The first day of school our Professor introduced himself and challenged us to get to know someone we didn't already know. I stood up to look around when a gentle hand touched my shoulder.

I turned around to find a wrinkled, little old lady beaming up at me with a smile that lit up her entire being.

She said, 'Hi handsome. My name is Rose. I'm eighty-seven years old. Can I give you a hug?

I laughed and enthusiastically responded, 'Of course you may!' and she gave me a giant Squeeze.

'Why are you in college at such a young, innocent age?' I asked.

She jokingly replied, 'I'm here to meet a rich husband, get married, and have a couple of kids.'

'No seriously,' I asked. I was curious what may have motivated her to be taking on this challenge at her age.

'I always dreamed of having a college education and now I'm getting one!' she told me.

After class we walked to the student union building and shared a chocolate Milkshake.

We became instant friends. Every day for the next three months we would leave class together and talk nonstop I was always mesmerized listening to this 'time machine' as she shared her wisdom and experience with me.

Over the course of the year, Rose became a campus icon and she easily made friends wherever she went.

She loved to dress up and she reveled in the attention bestowed upon her from the other students. She was living it up.

At the end of the semester we invited Rose to speak at our football banquet I'll never forget what she taught us.

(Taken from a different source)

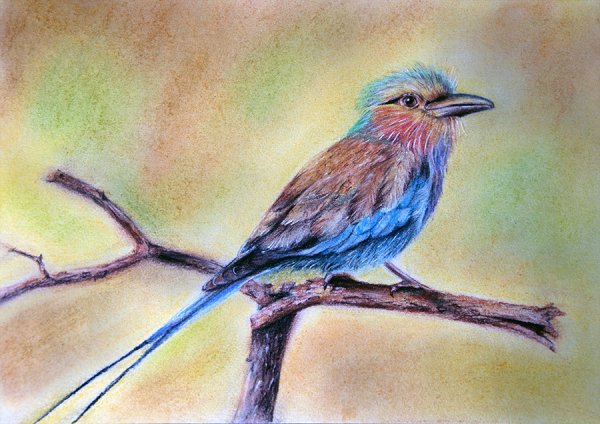 Декоративное рисование птиц акварелью и масляной пастелью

She was introduced and stepped up to the podium. As she began to deliver her prepared speech, she dropped her three by five cards on the floor.

Frustrated and a little embarrassed, she leaned into the microphone and simply said, 'I'm sorry I'm so jittery I gave up beer for Lent and this whiskey is killing me! I'll never get my speech back in order so let me just tell you what I know.'

As we laughed she cleared her throat and began, 'We do not stop playing because we are old; we grow old because we stop playing.

There are only four secrets to staying young, being happy, and achieving success. You have to laugh and find humor every day. You've got to have a dream. When you lose your dreams, you die. We have so many people walking around who are dead and don't even know it!

There is a huge difference between growing older and growing up. If you are nineteen years old and lie in bed for one full year and don't do one productive thing, you will turn twenty years old. If I am eighty-seven years old and stay in bed for a year and never do anything I will turn eighty eight. Anybody can grow older. That doesn't take any talent or ability.

The idea is to grow up by always finding opportunity in change. Have no regrets.! The elderly usually don't have regrets for what we did, but rather for things we did not do. The only people who fear death are those with regrets.'

She concluded her speech by courageously singing 'The Rose.'

She challenged each of us to study the lyrics and live them out in our daily lives.

At the year's end Rose finished the college degree she had begun all those years ago.

One week after graduation Rose died peacefully in her sleep. Over two thousand college students attended her funeral in tribute to the wonderful woman who taught by example that it's never too late to be all you can possibly be.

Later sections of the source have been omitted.